「何を書くか」を話し合う
自筆証書遺言でもうひとつネックとなるのが、保管場所だった。死後に家中を探しても見つからなかったり、遺産分割してから見つかったりといったリスクがつきまとう。また偽造や変造を防ぐため、相続が発生した後に遺言書を家庭裁判所に持って行き、内容を確認する「検認」が必要で、その手続きに1~2か月かかることもあった。
そんな面倒も今夏から変わる。
「今年7月からは自筆証書遺言を法務局で保管してもらえるようになります。預ける際に法務局で形式などを確認してくれるようになるので、後で不備が指摘されてトラブルになるのを防ぐことにもつながります。法務局で保管するため偽造などの心配もないので検認手続きも不要となります」(前出・橘氏)
こうした制度改正に備えてやっておくべきことがあるという。
「遺言書を作成する際は、なるべく相続人全員が集まって会議を開くことをおすすめします。相続人が顔を揃えた場で財産目録を見せ、全員が内容を共有するのが望ましい。“誰に、何を、どのくらい”と明確に書くことがポイントです」(同前)
これまで遺言書は「資産がたくさんある人が作ればいいもの。
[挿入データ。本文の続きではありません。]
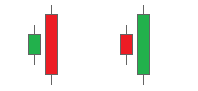 Engulfing Patterns Candlestick Pattern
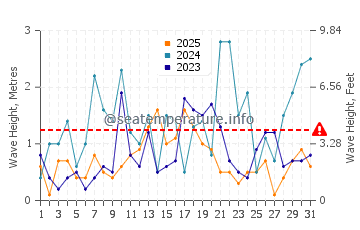 Waves height in Sifnos in January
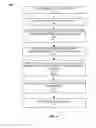 Fig. 05 - Automatic synchronization of most recently used document lists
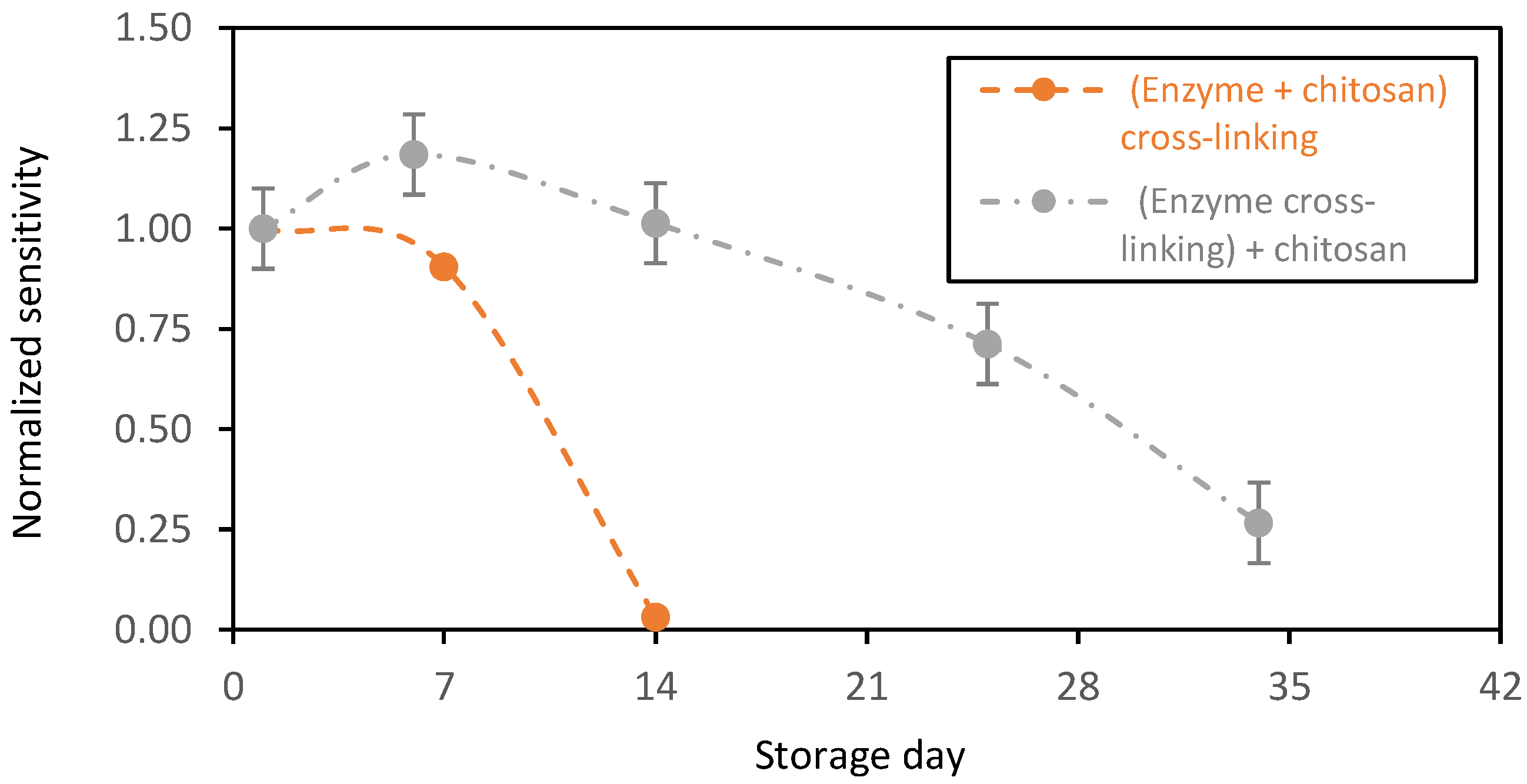 Sensors 23 00465 g005 Sensors 23 00465 g005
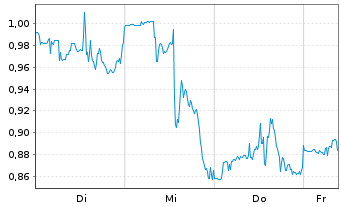 Chart Mini Future Short General Mills - 1 Week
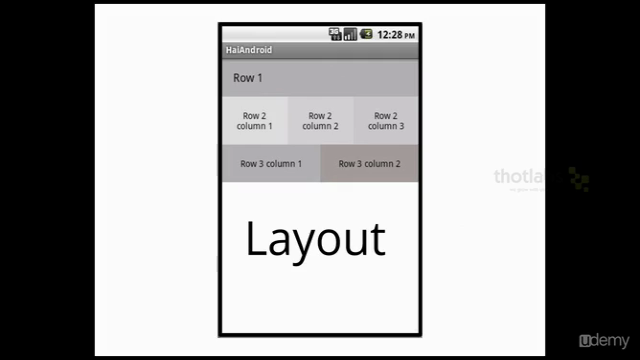 Beginning with Android Development : First App and Beyond – Screenshot 2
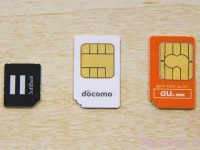 SIM卡是Subscriber Identity Module的縮寫，意思是用戶身份模塊，用于存儲移動用戶信息。-路由網(wǎng)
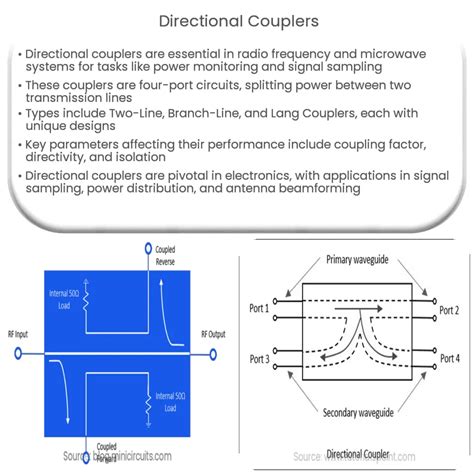 Read Online Design And Characteristics Of Directional Coupler Based 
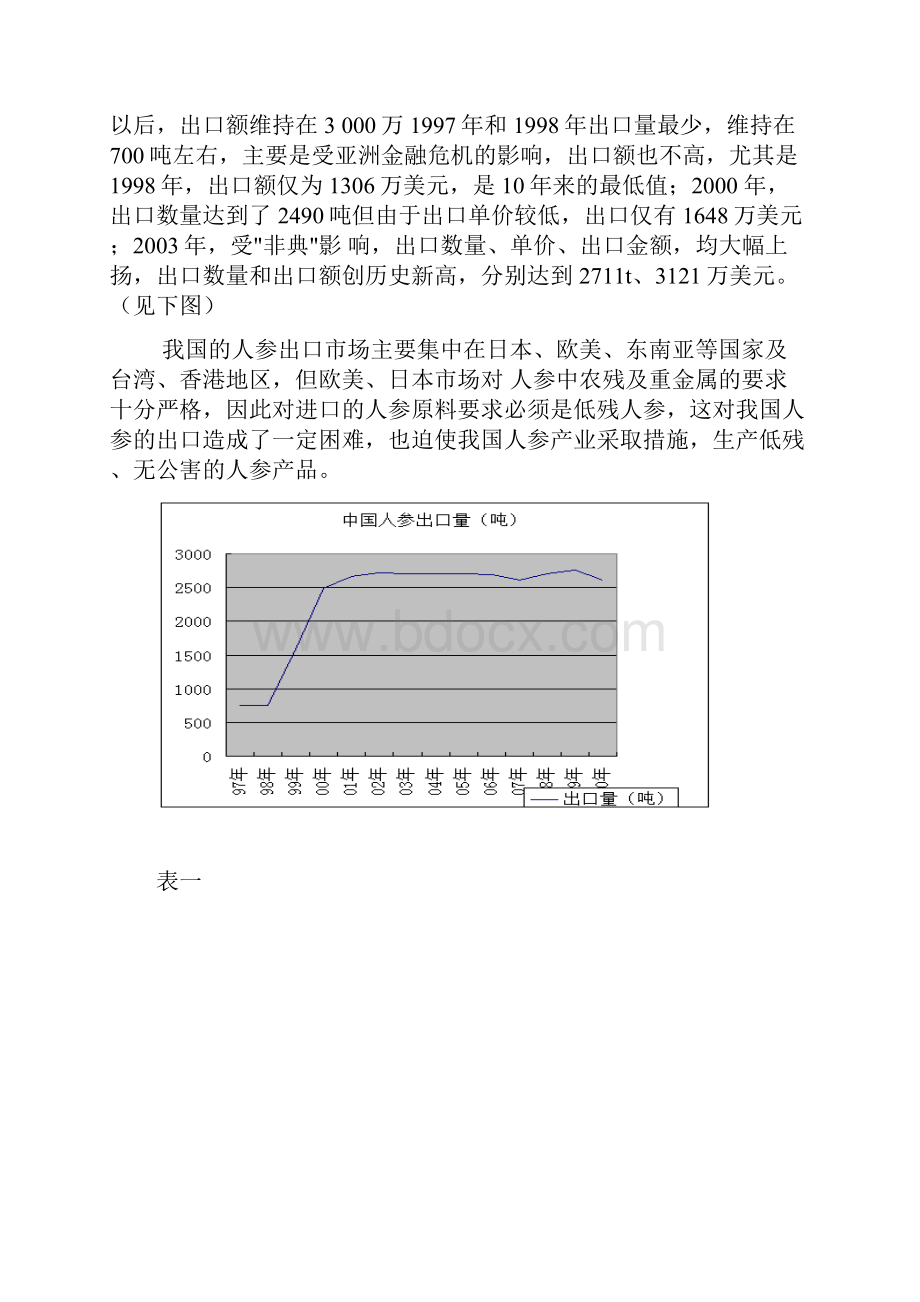 行业分析人参行业分析报告.docx_第2页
自分には関係ない」などと考える人が少なくなかった。
ただし、実際には相続財産が少なくてもトラブルにつながるケースは多いのだ。
「相続人たちも内容に納得している遺言書があれば、遺産分割協議での“争続”を防ぐことができます。今回の改正でより安価で手軽な自筆証書遺言という選択肢が有力になったので、少しでも多くの人に活用してほしい」(同前)
数か月後、慌ただしい毎日が戻ってくる前に、資産目録をまとめたり時間がかかるかもしれない話し合いを済ませたりしておくことで、末永く家庭円満に過ごせる。